Plaintiff filed suit against defendant for copyright and trademark infringement. Plaintiff hired a Trademarks Expert Witness to provide expert testimony. The motion was challenged by the defendant under Daubert. The court partially allowed the testimony to proceed.
Facts: This case (Design Ideas Ltd v. Meijer, Inc. et al – United States District Court – Central District of Illinois – July 23rd, 2018) involves a claim of copyright infringement, unfair competition, and violations of the Digital Millenium Copyright Act. There are also numerous state claims including unfair competition and breach of contract. To assist with their case, the plaintiff hired Trademarks Expert Witness B. Brett Heavner to provide a report and testimony. The defendant has filed a motion to exclude this expert witness from testifying.

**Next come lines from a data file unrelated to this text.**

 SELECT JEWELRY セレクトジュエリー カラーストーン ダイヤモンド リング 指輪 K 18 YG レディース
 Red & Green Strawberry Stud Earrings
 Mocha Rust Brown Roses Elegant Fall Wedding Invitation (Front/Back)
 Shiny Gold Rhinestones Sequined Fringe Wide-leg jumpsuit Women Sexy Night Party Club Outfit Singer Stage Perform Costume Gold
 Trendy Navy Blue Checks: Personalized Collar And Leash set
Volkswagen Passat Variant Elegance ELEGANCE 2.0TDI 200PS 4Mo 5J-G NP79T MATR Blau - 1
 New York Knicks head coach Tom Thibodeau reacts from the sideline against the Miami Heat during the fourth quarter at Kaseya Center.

Discussion: In his report, Heavner provides an overview of PTO trademark practices and procedures. In addition, Heavner provides an opinion on the meaning of the PTO examining officer’s action in relation to plaintiff’s registration application for the SPARROWCLIPS mark.
The defendants do not challenge the methodology used by Heavner, nor do they argue that he is not qualified to offer his expert opinion in this case. They allege that his testimony contains inadmissible legal conclusions and will not be helpful to the jury in deciding any facts at issue in this case. The plaintiff’s retort by stating that Heavner does not offer his opinion about the distinctiveness of the SPARROWCLIPS mark but only the conclusions of the PTO examining attorney. In addition, they contend that Heavner’s testimony does not consist of legal conclusions that would be inadmissible under Daubert, but relates to statements gotten from the PTO’s trademark application process and the PTO’s exmination of the mark.
The court opines that Heavner’s testimony regarding trademark practices and procedures of the PTO would be helpful to the trier of fact in this case, who is likely to be uninformed on the subject of trademark applications. In addition, the court rules that it will allow Heavner to testify on other marks that have been registered.
To be sure, the court opines that Heavner’s conclusion about the examining attorney will not be helpful to the trier of fact because the court has already found, on summary judgment, that the PTO found that the mark required distinctiveness. Therefore, the court concluded, Heavner will be allowed to testify regarding PTO trademark practice and procedure, but not the other parts of his report.
Conclusion: The motion to exclude the expert witness testimony of B. Brett Heavner is granted in part and denied in part.